Without any of the pictures, transcribe all the lines below exactly.

##### Given data

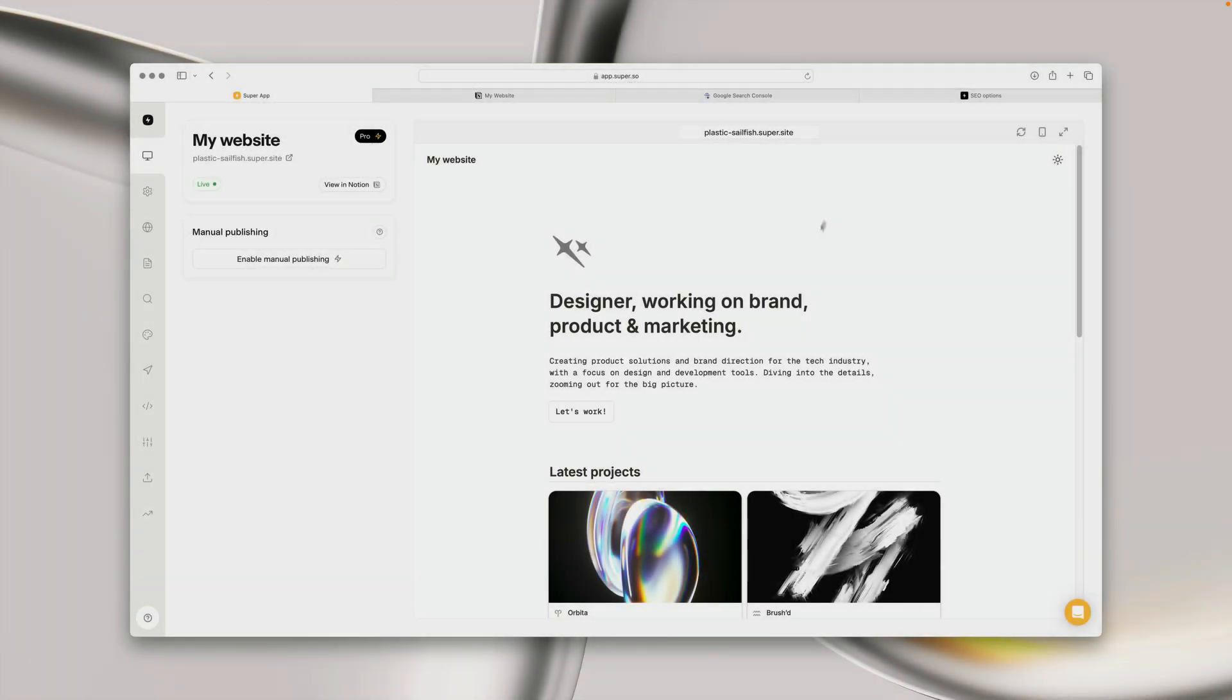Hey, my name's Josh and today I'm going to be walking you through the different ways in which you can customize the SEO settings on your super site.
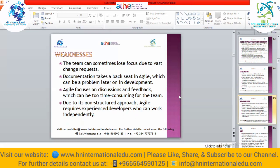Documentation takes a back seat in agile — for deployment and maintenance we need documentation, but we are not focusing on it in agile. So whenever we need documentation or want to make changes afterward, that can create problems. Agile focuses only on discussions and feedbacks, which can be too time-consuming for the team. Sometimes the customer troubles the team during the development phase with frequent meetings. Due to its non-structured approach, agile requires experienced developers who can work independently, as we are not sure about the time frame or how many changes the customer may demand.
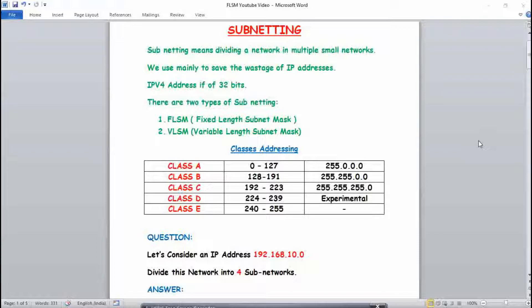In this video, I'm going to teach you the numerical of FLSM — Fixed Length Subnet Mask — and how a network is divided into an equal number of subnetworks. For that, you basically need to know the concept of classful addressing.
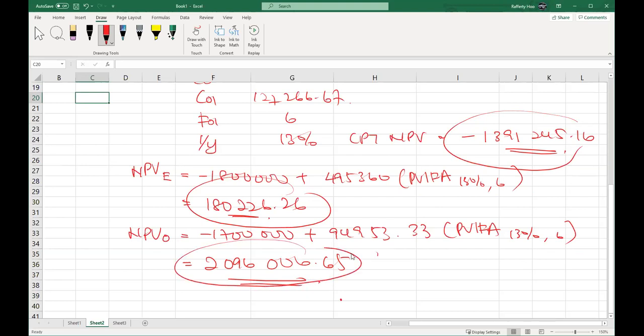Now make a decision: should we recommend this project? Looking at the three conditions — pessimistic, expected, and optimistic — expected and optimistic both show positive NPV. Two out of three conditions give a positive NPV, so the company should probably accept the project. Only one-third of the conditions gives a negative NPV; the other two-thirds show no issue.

##########

> _Solution to this problem_:
Hey, my name's Josh and today I'm going to be walking you through the different ways in which you can customize the SEO settings on your super site.
Documentation takes a back seat in agile — for deployment and maintenance we need documentation, but we are not focusing on it in agile. So whenever we need documentation or want to make changes afterward, that can create problems. Agile focuses only on discussions and feedbacks, which can be too time-consuming for the team. Sometimes the customer troubles the team during the development phase with frequent meetings. Due to its non-structured approach, agile requires experienced developers who can work independently, as we are not sure about the time frame or how many changes the customer may demand.
In this video, I'm going to teach you the numerical of FLSM — Fixed Length Subnet Mask — and how a network is divided into an equal number of subnetworks. For that, you basically need to know the concept of classful addressing.
Now make a decision: should we recommend this project? Looking at the three conditions — pessimistic, expected, and optimistic — expected and optimistic both show positive NPV. Two out of three conditions give a positive NPV, so the company should probably accept the project. Only one-third of the conditions gives a negative NPV; the other two-thirds show no issue.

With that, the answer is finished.